CRIME BOOKLET B - MAKING A CASE
In this booklet we consider how psychology can inform the investigative process.
When a crime has been committed, the police have to create a case that will stand up in court. It is their role to gather evidence from witnesses, alibis, suspects and forensic teams working at the crime scene.
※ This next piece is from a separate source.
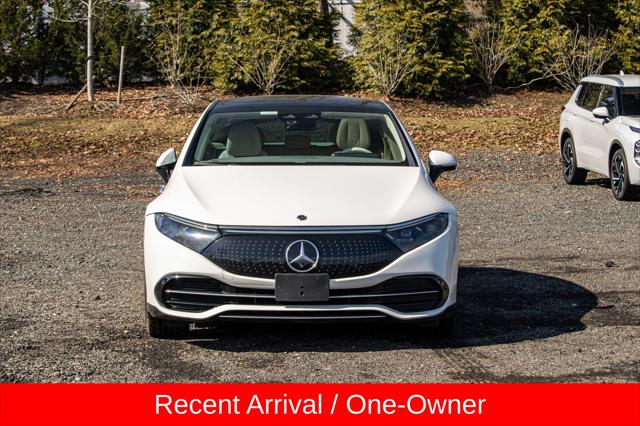 2022 Mercedes-Benz EQS 450 EQS 450+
Section 1: INTERVIEWING WITNESSES
Key to any crime is the interviewing of the witnesses, who may have vital evidence to give. However, psychologists have shown through much earlier work that what a witness sees and remembers is influence by many factors
Bruce - Recognising faces
Loftus - Weapon focus
Fisher - Cognitive interviews
Section 2: INTERVIEWING SUSPECTS
After an arrest, the purpose of an interview with a suspect is to establish guilt or innocence by getting them to say something about the events in question which may then lead to conviction, so different procedures are used with the emphasis on detecting truth or lies & establishing g guilt.
Mann - Detecting Lies
Inbau - Interrogation Techniques
Gudjohnson - False Confessions
Section 3: CREATING A PROFILE
A profile can often generate hypotheses about an offender’s most likely demographic and physical characteristics and about his or her behavioural habits and personality. As such it can be a valuable aid to crime detection especially if the crime is part of a series. (e.g. serial rape or murder).